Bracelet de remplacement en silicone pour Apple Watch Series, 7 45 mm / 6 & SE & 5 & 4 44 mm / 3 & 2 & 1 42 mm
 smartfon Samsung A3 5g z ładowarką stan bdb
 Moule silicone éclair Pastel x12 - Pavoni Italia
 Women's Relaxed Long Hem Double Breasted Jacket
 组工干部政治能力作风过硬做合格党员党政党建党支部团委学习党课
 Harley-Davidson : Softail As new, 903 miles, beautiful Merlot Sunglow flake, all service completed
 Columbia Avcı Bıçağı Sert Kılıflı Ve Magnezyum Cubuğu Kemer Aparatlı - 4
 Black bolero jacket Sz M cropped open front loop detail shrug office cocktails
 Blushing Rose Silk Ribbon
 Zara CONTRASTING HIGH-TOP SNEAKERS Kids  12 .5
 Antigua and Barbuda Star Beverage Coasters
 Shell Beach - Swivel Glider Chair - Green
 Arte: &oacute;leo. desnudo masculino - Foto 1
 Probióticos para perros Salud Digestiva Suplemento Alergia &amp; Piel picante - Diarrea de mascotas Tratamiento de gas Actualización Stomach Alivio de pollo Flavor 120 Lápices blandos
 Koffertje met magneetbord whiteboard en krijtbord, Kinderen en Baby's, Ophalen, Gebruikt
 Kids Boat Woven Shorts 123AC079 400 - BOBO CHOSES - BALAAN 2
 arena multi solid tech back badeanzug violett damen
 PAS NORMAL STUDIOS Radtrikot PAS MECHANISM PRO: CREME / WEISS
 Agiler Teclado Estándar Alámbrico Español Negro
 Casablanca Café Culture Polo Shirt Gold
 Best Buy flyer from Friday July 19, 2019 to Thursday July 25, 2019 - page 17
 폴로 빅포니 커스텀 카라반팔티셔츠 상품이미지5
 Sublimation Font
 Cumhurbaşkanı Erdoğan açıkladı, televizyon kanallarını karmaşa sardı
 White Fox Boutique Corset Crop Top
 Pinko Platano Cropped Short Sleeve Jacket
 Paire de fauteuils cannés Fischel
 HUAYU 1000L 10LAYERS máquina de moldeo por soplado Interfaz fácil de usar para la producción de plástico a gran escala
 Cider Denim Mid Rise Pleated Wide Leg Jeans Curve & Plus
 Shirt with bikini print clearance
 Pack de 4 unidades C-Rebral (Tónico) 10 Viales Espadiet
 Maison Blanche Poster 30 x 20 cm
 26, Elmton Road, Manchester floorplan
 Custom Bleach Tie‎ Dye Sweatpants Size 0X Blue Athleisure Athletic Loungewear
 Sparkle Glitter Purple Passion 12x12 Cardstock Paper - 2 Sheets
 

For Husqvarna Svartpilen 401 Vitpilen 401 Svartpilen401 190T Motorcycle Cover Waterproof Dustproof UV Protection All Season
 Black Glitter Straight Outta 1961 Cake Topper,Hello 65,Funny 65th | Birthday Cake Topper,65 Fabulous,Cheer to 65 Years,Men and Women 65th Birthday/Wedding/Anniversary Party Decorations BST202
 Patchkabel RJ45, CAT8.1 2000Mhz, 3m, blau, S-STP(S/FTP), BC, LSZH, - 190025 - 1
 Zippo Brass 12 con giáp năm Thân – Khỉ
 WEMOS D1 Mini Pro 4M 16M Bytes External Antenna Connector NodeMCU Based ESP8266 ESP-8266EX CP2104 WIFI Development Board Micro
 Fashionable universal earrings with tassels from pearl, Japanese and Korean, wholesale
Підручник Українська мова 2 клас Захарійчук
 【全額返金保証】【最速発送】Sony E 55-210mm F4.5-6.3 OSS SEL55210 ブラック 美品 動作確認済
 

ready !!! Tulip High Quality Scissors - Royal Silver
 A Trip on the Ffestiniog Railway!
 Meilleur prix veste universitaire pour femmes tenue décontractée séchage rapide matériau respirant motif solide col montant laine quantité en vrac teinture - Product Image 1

How to complete this task - Go through the listing above and find each line that contains "with", then copy it.

Problem solution -
 Shirt with bikini print clearance
 Fashionable universal earrings with tassels from pearl, Japanese and Korean, wholesale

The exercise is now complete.